Web page caption snippets
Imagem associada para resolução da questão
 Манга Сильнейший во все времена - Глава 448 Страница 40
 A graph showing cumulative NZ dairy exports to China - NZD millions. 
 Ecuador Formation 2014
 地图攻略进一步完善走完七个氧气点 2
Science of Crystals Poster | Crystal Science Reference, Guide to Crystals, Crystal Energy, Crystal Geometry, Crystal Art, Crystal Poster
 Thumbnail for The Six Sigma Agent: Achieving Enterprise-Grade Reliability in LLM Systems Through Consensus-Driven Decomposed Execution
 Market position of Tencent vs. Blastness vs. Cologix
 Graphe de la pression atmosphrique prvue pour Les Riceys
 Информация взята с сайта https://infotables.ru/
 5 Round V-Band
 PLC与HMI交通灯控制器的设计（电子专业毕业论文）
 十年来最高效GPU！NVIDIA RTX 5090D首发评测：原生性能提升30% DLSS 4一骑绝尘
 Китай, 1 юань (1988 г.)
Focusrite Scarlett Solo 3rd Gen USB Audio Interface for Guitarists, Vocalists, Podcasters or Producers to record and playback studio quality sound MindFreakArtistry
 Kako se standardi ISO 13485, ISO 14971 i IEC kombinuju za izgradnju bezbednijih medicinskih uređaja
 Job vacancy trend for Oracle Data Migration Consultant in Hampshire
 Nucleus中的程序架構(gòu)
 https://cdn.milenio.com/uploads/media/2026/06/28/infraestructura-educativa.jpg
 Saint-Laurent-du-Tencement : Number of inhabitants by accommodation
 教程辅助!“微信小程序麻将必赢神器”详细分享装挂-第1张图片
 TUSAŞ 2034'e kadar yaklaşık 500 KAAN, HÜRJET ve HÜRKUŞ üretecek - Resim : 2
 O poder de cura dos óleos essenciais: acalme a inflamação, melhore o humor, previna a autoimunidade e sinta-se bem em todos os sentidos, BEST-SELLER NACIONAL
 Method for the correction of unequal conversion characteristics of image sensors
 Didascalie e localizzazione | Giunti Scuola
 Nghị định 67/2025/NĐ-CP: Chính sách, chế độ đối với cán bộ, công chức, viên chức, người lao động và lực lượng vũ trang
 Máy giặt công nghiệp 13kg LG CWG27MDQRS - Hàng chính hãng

> **Your task**: What is the number of lines in the records that contain "https"? Answer with it alone.

> **Response to the exercise**: 2